Entries taken from a collection:

——————

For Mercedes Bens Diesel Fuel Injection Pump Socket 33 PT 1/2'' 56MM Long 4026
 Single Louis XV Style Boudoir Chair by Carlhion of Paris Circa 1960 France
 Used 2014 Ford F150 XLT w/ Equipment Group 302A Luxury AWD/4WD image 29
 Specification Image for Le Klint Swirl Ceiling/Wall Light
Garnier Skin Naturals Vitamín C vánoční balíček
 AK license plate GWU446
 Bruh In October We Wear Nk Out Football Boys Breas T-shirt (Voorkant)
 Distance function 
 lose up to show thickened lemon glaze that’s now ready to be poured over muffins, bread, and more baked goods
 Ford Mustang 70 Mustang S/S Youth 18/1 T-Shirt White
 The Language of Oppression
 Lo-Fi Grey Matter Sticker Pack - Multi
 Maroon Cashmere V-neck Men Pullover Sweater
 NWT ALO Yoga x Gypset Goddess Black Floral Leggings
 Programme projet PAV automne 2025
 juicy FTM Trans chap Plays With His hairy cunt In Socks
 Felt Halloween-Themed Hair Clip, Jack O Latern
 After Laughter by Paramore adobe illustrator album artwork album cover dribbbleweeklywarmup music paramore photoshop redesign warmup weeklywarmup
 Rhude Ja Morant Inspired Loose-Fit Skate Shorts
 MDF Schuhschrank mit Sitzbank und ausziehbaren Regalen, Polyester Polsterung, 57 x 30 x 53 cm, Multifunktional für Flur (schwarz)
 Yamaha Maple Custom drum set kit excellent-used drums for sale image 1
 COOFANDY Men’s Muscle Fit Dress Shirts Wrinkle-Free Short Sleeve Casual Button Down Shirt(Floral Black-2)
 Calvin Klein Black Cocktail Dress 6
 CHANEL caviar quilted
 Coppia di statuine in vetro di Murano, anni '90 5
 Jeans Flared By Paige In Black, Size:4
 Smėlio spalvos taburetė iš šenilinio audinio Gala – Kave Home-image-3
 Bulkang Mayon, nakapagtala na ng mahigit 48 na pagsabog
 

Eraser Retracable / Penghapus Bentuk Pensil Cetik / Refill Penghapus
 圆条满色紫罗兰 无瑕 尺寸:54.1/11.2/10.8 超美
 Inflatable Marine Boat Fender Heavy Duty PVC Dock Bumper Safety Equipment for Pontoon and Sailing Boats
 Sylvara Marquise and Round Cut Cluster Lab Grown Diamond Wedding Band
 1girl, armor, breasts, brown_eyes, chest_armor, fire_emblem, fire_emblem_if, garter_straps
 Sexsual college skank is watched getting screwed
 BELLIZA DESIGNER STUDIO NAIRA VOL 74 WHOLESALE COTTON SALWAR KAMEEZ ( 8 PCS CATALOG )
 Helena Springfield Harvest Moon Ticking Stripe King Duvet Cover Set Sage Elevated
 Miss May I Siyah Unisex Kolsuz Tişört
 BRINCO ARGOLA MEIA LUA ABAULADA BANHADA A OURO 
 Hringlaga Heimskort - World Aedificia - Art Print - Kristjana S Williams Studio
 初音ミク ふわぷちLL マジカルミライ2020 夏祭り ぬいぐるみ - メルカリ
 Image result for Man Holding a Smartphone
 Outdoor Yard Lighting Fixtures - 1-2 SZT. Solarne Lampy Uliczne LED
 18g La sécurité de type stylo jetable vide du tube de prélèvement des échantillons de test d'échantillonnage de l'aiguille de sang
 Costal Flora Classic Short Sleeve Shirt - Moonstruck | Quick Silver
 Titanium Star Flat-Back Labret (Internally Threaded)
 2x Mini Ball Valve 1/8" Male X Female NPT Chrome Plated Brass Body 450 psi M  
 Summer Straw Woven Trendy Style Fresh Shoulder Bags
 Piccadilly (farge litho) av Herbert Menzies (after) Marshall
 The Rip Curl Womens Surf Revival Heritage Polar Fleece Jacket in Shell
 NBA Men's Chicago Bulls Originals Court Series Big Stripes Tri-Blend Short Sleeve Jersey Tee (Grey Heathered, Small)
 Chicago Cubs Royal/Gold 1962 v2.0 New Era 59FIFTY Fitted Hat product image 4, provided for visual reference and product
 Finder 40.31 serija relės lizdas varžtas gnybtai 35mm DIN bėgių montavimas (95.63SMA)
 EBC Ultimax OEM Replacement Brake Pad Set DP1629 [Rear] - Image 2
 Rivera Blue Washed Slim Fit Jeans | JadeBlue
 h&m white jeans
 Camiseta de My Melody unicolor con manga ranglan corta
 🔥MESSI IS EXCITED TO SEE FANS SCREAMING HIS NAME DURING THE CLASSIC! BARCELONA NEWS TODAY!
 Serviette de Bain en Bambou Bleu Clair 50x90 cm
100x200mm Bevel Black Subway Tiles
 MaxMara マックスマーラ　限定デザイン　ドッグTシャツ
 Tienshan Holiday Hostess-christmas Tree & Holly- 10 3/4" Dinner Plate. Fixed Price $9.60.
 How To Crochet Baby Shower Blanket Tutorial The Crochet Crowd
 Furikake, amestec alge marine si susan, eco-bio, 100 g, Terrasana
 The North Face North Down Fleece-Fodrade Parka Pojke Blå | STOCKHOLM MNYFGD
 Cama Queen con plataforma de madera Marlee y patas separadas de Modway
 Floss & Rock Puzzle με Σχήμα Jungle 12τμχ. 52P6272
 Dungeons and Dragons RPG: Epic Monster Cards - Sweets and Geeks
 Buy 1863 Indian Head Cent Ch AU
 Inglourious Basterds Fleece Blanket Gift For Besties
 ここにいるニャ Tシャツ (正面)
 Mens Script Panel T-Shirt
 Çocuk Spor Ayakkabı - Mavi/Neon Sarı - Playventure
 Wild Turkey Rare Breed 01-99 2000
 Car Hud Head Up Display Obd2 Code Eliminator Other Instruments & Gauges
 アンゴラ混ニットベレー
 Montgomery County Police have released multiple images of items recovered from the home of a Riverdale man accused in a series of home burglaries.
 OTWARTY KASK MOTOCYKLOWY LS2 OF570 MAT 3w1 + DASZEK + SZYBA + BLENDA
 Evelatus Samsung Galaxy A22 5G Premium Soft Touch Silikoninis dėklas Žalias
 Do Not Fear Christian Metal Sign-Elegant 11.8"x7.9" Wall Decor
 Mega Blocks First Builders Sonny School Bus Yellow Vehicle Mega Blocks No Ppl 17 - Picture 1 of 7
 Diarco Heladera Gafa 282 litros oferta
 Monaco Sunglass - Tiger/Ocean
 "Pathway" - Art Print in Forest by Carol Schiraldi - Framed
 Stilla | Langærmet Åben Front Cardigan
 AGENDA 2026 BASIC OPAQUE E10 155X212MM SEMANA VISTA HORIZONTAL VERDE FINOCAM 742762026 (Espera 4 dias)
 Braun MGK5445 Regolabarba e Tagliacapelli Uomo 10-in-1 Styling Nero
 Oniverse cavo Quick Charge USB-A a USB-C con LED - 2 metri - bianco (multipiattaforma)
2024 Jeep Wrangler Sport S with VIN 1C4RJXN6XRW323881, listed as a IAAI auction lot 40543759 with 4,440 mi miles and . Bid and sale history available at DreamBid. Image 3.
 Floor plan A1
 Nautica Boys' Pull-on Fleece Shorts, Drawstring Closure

——————

_ABOUT THIS EXERCISE_: If a line in the records contains the word "Equipment", copy it.

_ANSWER TO THIS TASK_:
 Used 2014 Ford F150 XLT w/ Equipment Group 302A Luxury AWD/4WD image 29
 Inflatable Marine Boat Fender Heavy Duty PVC Dock Bumper Safety Equipment for Pontoon and Sailing Boats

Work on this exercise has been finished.